First off, the ever-troublesome (but also useful) "initial delay".  Oft-ignored and frequently with little consequence, there are certain times it's important to get right.  And your situation sounds like one of them.

 

A standard pulse is defined by a time in idle state (low by default) followed by a time in "active" state (that's what I call it, sorry for confusion if NI's terminology differs).  HOWEVER, there's a special behavior for the very first pulse.  The time spent in the very first idle state is defined by the "idle time" rather than the low time.  I usually wire the same value to both the low time and idle time inputs to make every pulse have the same timing.  But that wouldn't be the right thing to do in your particular case.  Read on.

 

Here's how your proposed config would work:

1. you configure for low/high = 45/5,  leave the counter task in "output toggle mode" (the default) and start it

2. if unwired, the default idle time is 0 ticks.  Sneakily however, DAQmx will coerce that to the smallest legal value of 2 ticks instead.

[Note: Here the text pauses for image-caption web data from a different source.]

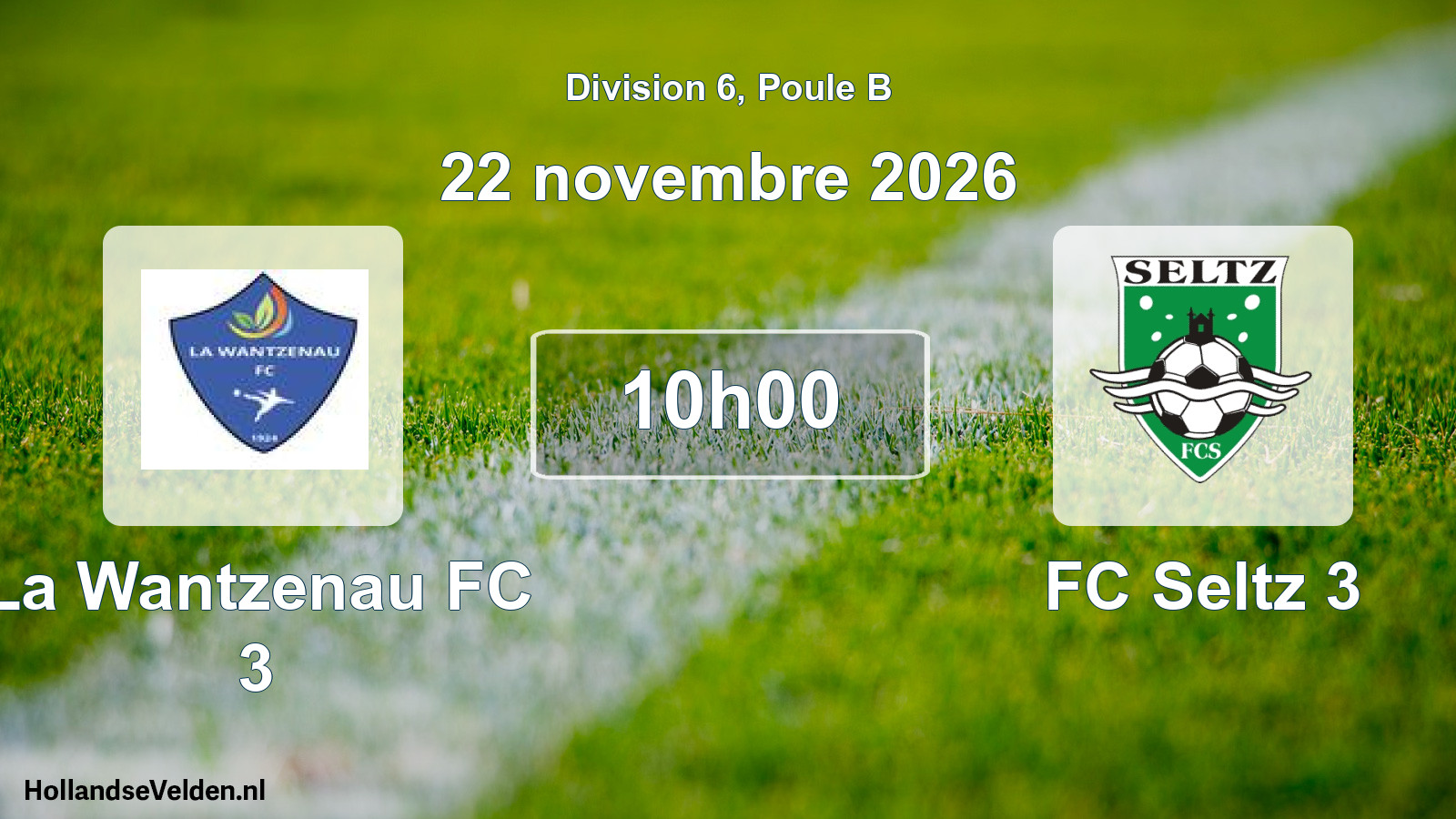 Scheduled Match: La Wantzenau FC 3 - FC Seltz 3 (22 November 2026)
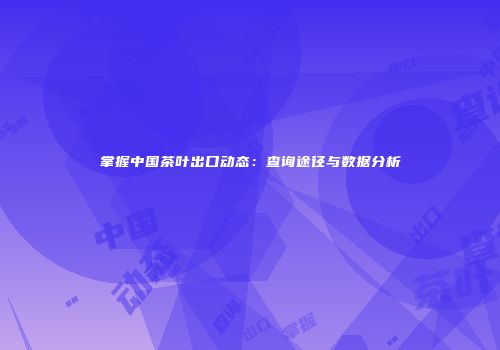 掌握中国茶叶出口动态：查询途径与数据分析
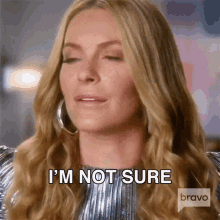 Im Not Sure Real Housewives Of New York GIF - Im Not Sure Real Housewives Of New York Not So Sure GIFs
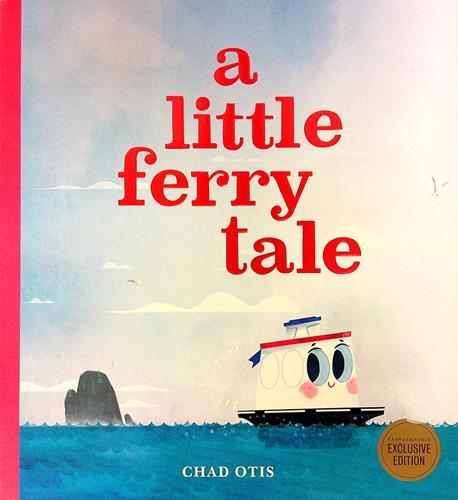 A Little Ferry Tale (Barnes & Noble Edition)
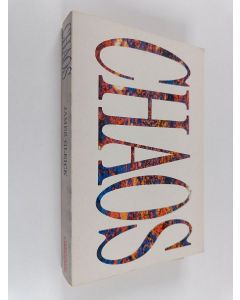 Kirjailijan James Gleick käytetty kirja Chaos : making a new science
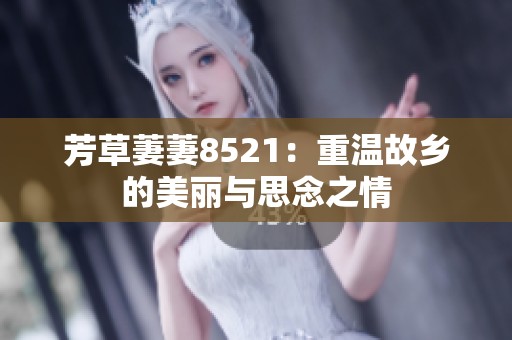 芳草萋萋8521：重温故乡的美丽与思念之情
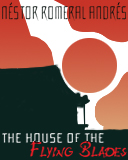 portada de House of the flying blades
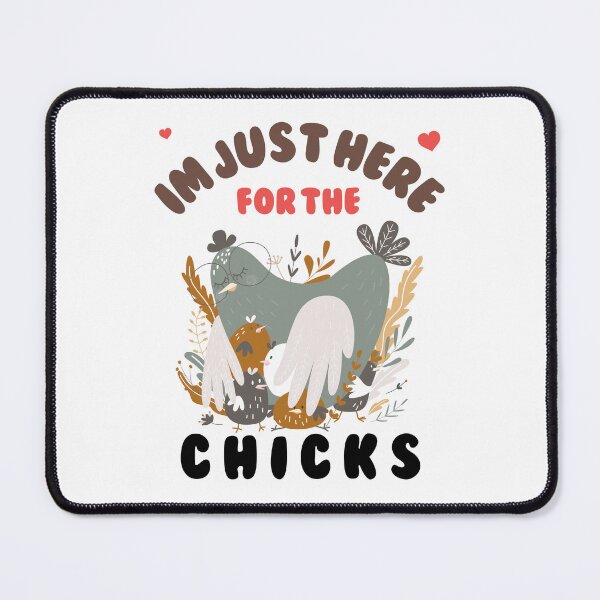 Item preview, Im Just Here For The Chicks designed and sold by Alieso.
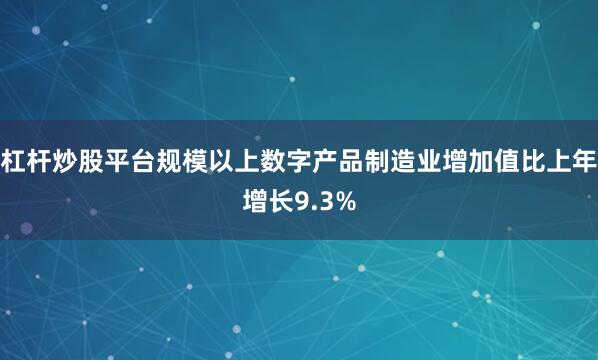 杠杆炒股平台规模以上数字产品制造业增加值比上年增长9.3%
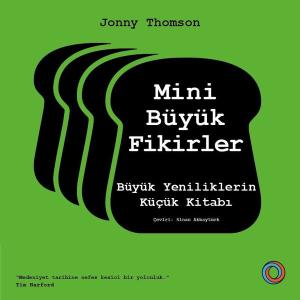 Mini Büyük Fikirler - Büyük Yeniliklerin Küçük Kitabı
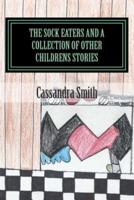 The Sock Eaters And A Collection Of Other Children's Stories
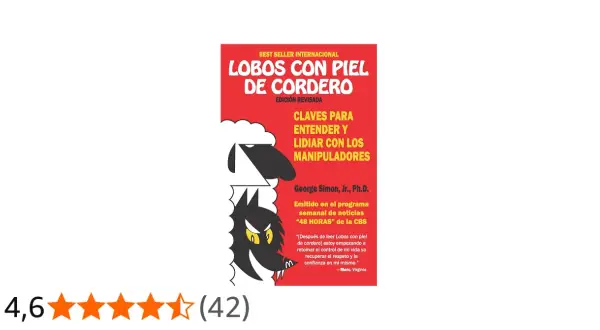 Portada del libro "Lobos con piel de cordero", que muestra un lobo disfrazado de oveja. Claves para entender y lidiar con manipuladores.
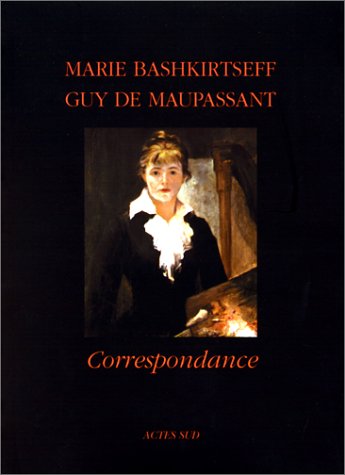 Correspondance avec Marie Bashkirtseff (Paperback)
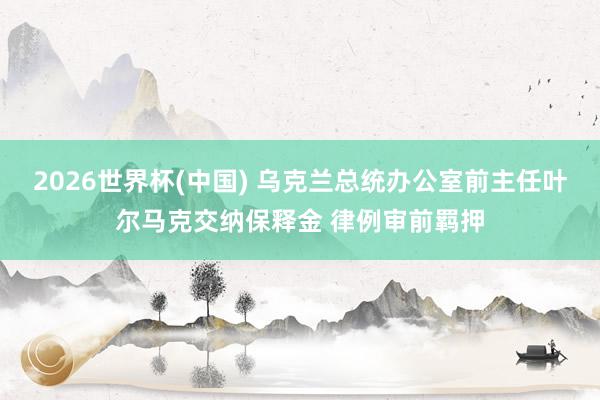 2026世界杯(中国) 乌克兰总统办公室前主任叶尔马克交纳保释金 律例审前羁押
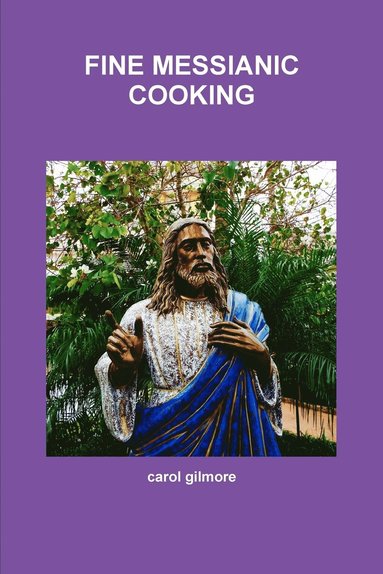 bokomslag Fine Messianic Cooking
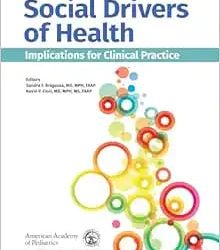 Social Drivers of Health: Implications for Clinical Practice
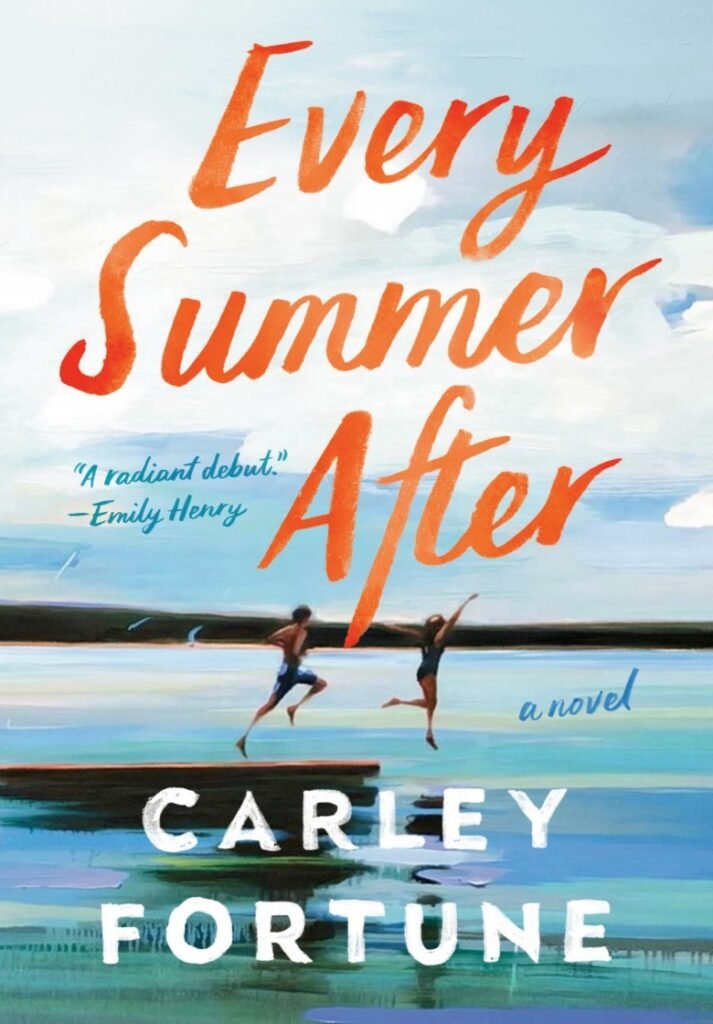 Every Summer After - Carley Fortune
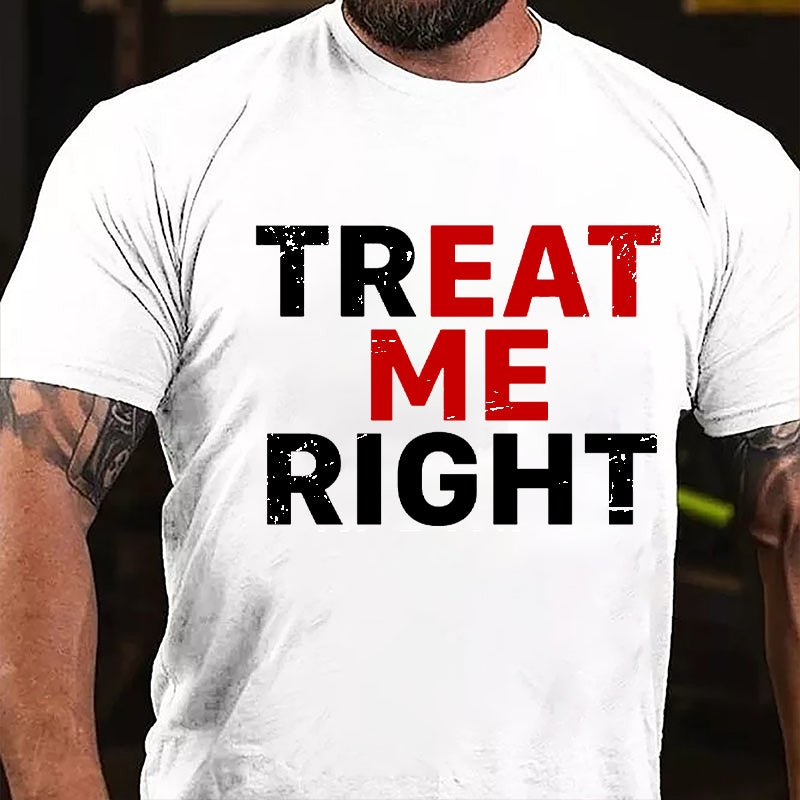 Treat Me / Eat Me Right Cotton T-shirt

3. So after 2 encoder edges (your initial idle time), your counter output will go high.

4. It will stay high for 5 total edges, then revert to low again on the 7th edge overall.

5. Thereafter it will follow your desired 45 / 5 pattern.  So it'll go high on edge 52 and low again on edge 57. And so on...

6. Note: you could get the kind of timing you really want if you set low/high/idle to 45/5/50.  That'd produce your first output transition to high after 50 idle time edges.  Then all subsequent low->high transitions happen after 5 high and 45 low edges.

 

Here's how my proposed config would work:

1. you configure low/high/idle for 50/50/50, set the counter task to "output pulse mode" and start it

2. after 50 encoder edges worth of initial delay, the counter output will pulse.  I *think* the pulse width will be 1 cycle of the device's internal master timebase -- so 12.5 nanosec for the 6602, 10.0 nanosec for the 6612.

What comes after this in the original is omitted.